• [EXERCISE INSTRUCTIONS]: In the material below, find the line with "Lexus LBX vaihtoauto" and the line with "10 fotografías del". Output exactly those two lines and all lines between them, leaving out pictures.
[ENTRIES PROVIDED]
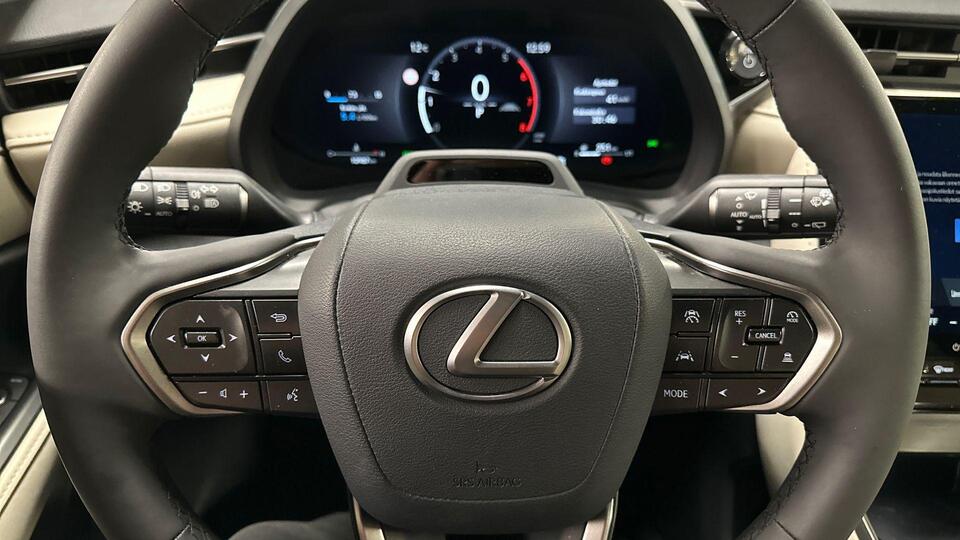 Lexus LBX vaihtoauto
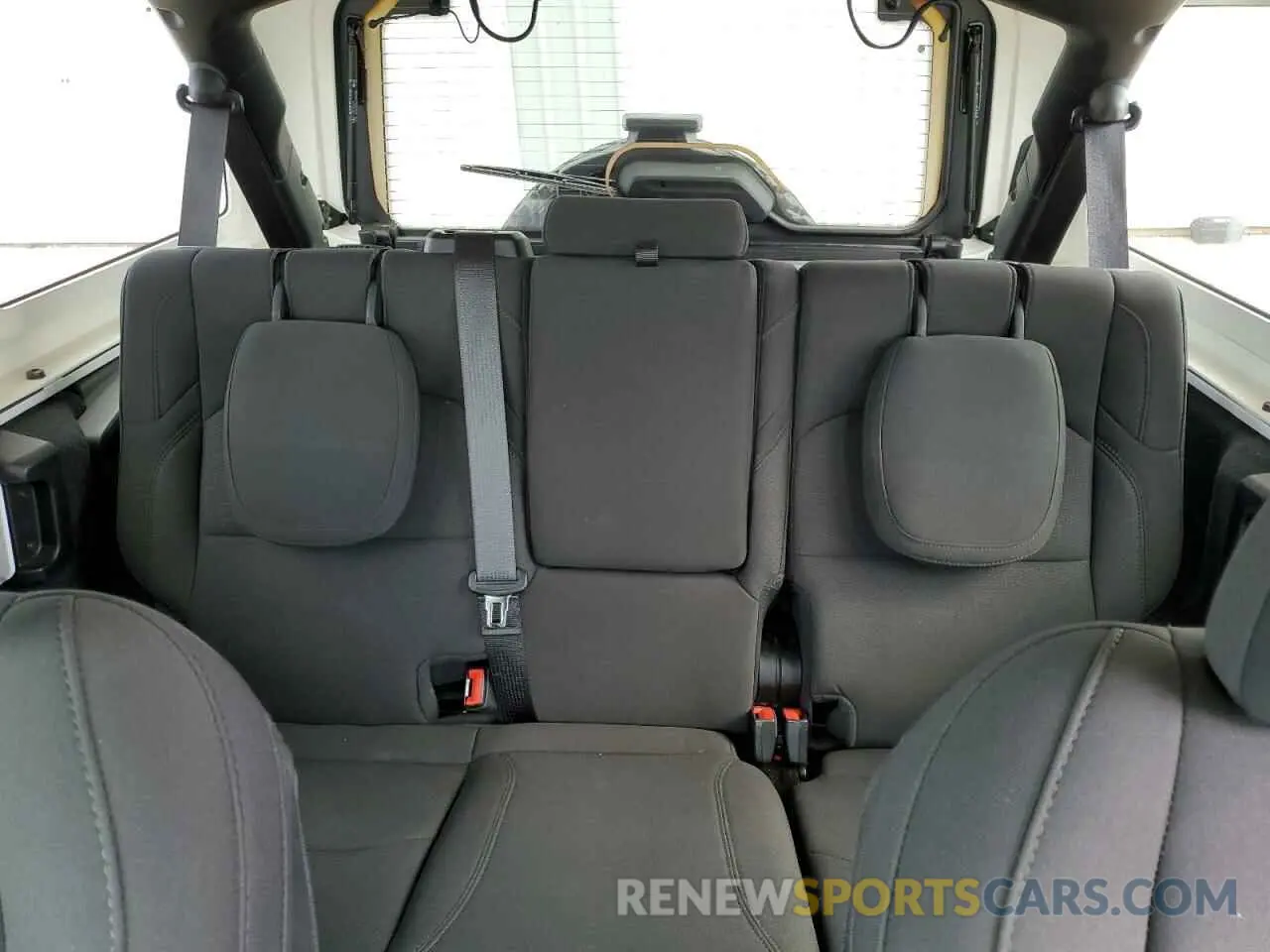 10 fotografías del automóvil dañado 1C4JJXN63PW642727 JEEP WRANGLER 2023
[/ENTRIES PROVIDED]
[ENTRIES PROVIDED]
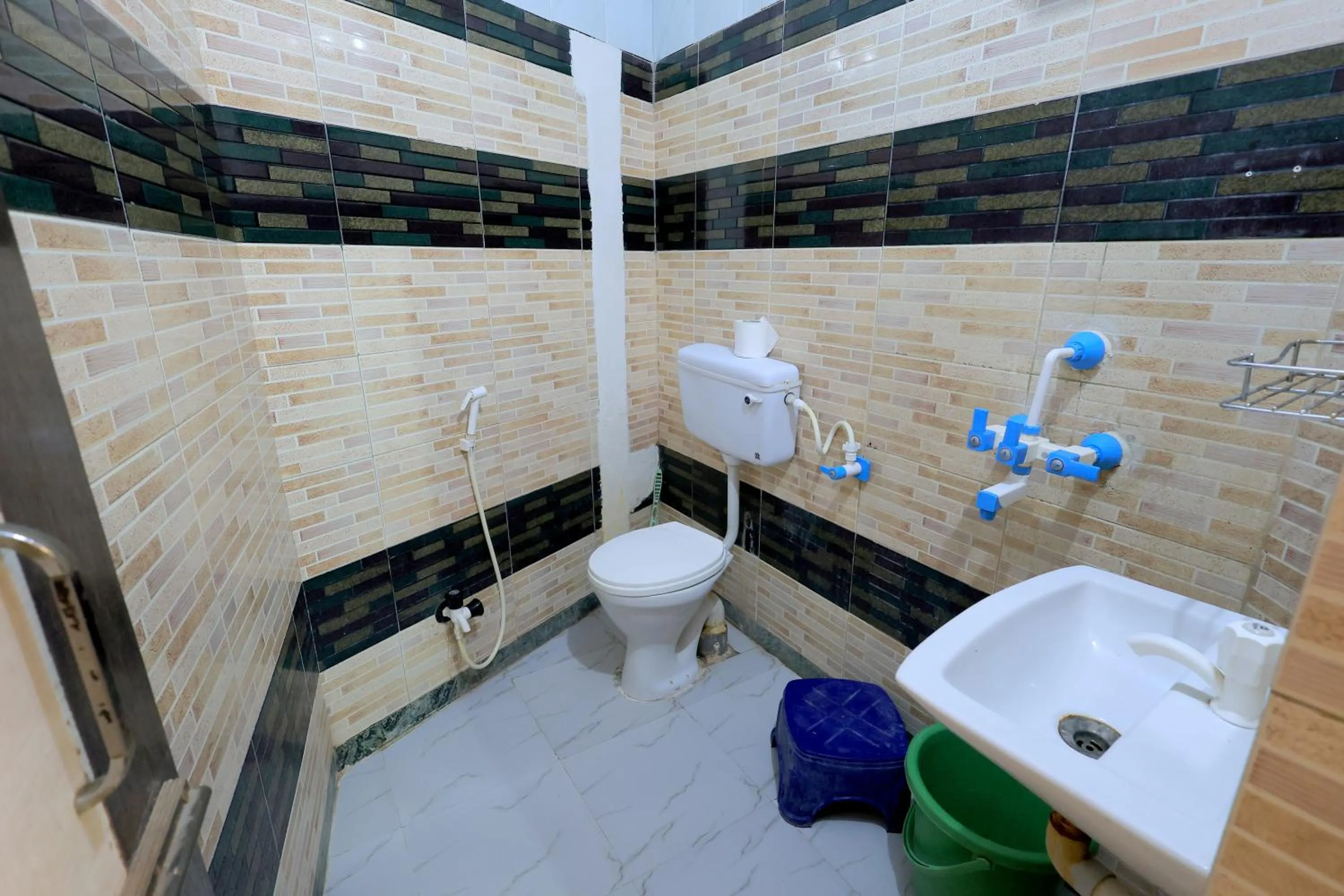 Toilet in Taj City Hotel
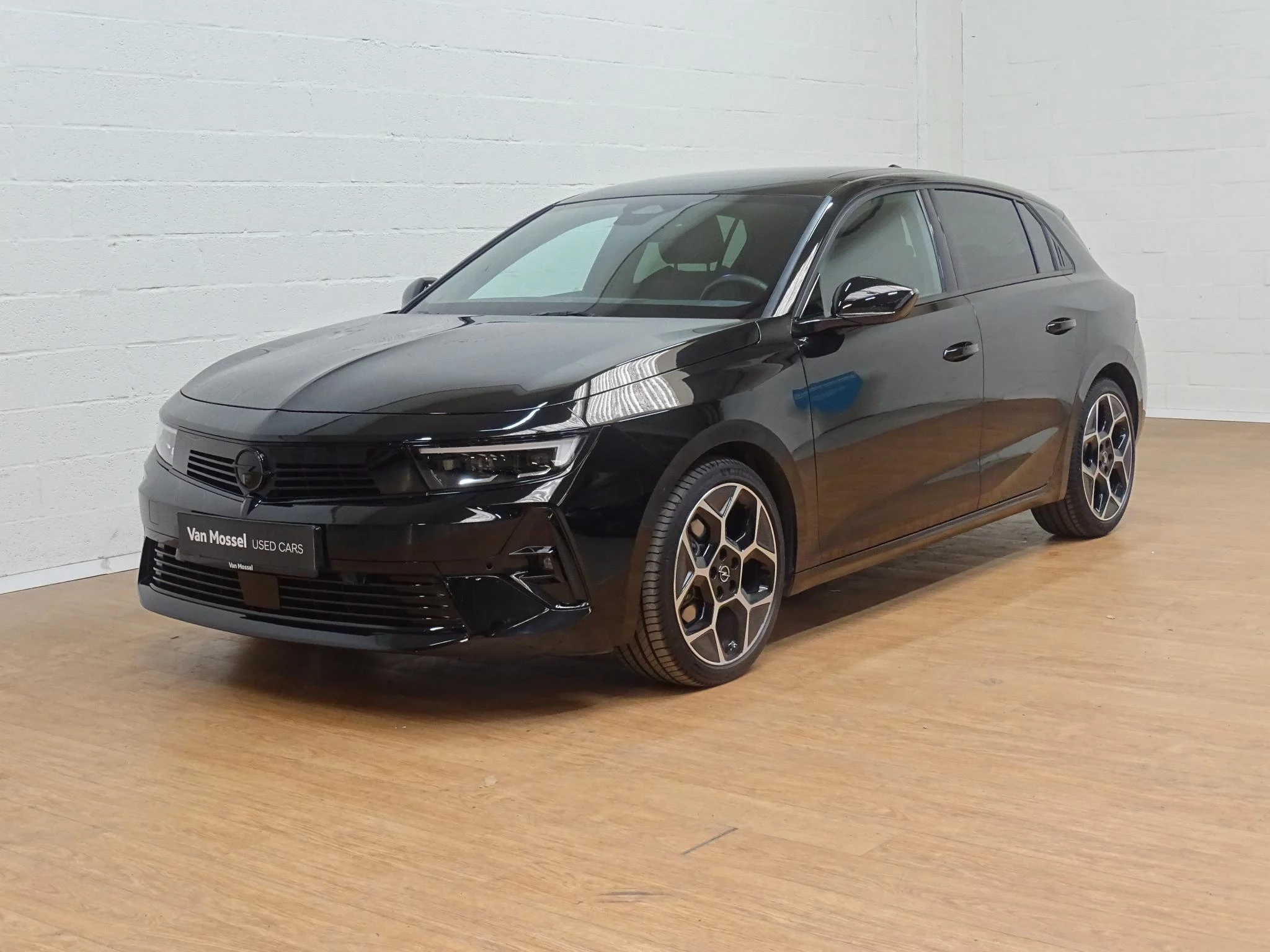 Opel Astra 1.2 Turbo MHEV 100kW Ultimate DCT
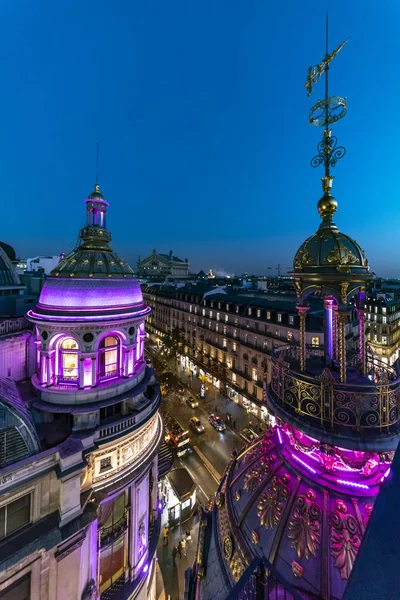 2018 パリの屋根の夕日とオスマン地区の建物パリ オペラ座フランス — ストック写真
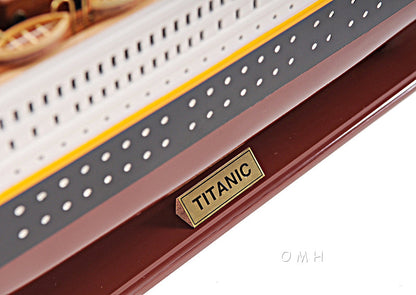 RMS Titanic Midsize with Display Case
[/ENTRIES PROVIDED]
• [TASK RESPONSE]:
 Lexus LBX vaihtoauto
 10 fotografías del automóvil dañado 1C4JJXN63PW642727 JEEP WRANGLER 2023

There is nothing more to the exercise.